My 40 gig Toshiba laptop hard drive still hasn't been repaired as I write this. I had to type this out at a friend's home on Tuesday afternoon, and the remainder last night at a 24-hour internet cafe on Sunset.
I also went to Spielberg's THE TERMINAL Tuesday night. I won't have a reaction until Friday, but I've decided on a title for the piece - "No Exit." It's been made clear to me once again that Steven Spielberg, the director, will never again leave his self-created kingdom. (He seemed to break free from it to some extent with SCHINDLER'S LIST, but that was 11 years ago.)
Sit down with a Spielberg film and you know whatever the story, whatever the ostensible subject, it will always be about him. That and the fact that he's rich and heavily membraned and surrounded by smiling elves.
There's nothing wrong with having a strong, consistent vision, and there's nothing overly criminal about being
loaded, but I think many of us have come to see Spielberg World as less a vital necessity (as it was in the
'70s and early '80s) and more of a "take it or leave it" proposition.
It's all about choice and the willingness to embrace his well-patented sensibilities, and, this time out, again, deal with another endearing performance by Tom Hanks.
The movie, for me, was also about wondering if Spielberg will ever again use another dp besides Janusz Kaminski. His vaguely hazy-bleachy visual signature is feeling more and more like something to cope with than enjoy.
In any event nothing seems to be coming out of the faucet tonight except political stuff. Michael Moore and Bill Clinton stuff, I mean. ..
Burn This
An L.A. TIMES article up yesterday (i.e., Tuesday) said there are suddenly six or seven political documentaries
either out now or soon to open, each one looking to tap into a gamey, word-of-mouth-spreading audience before
heading off to video.
(My pet favorite, Robert Kane Pappas' ORWELL ROLLS IN HIS GRAVE, will open at New York's Angelica on July 23rd,
in the Washington, D.C. area on the same date, and then at L.A.'s Fairfax in LA on July 30th.

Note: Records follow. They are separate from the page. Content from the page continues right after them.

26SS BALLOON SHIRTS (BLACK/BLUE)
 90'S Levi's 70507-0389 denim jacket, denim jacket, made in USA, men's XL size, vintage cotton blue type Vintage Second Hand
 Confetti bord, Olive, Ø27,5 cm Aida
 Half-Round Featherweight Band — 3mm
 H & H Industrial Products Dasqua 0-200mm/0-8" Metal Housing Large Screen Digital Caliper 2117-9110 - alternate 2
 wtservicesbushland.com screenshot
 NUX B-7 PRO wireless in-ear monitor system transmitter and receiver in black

Check out buzzflash.com, an advocate website promoting it,
or do a Poop Shoot search and check out my previous pieces. )
Obviously, of course, Michael Moore's FAHRENHEIT 9/11, which opens only nine days from today (i.e., Friday, 6.25),
has a big advantage over the others. Everyone I spoke to in Paris who hadn't seen it was champing at the bit.
I've also spoken to a fair number of non-pro types since I returned on Monday evening, and they all brought it up.
I paid particular attention when my next-door neighbor, a celeb-track jewelry designer named Christie Martin, told me it was high on her list. She doesn't lack sophistication
(far from it), but she tends to like "entertaining" fare more than heavy-duty dramas like MONSTER, which she was mixed about. So if Christie is hot to see it, something extra
is going on.
My sister from Connecticut, who doesn't see that many films, also brought it up on her own this morning, saying she "really [wants] to see it."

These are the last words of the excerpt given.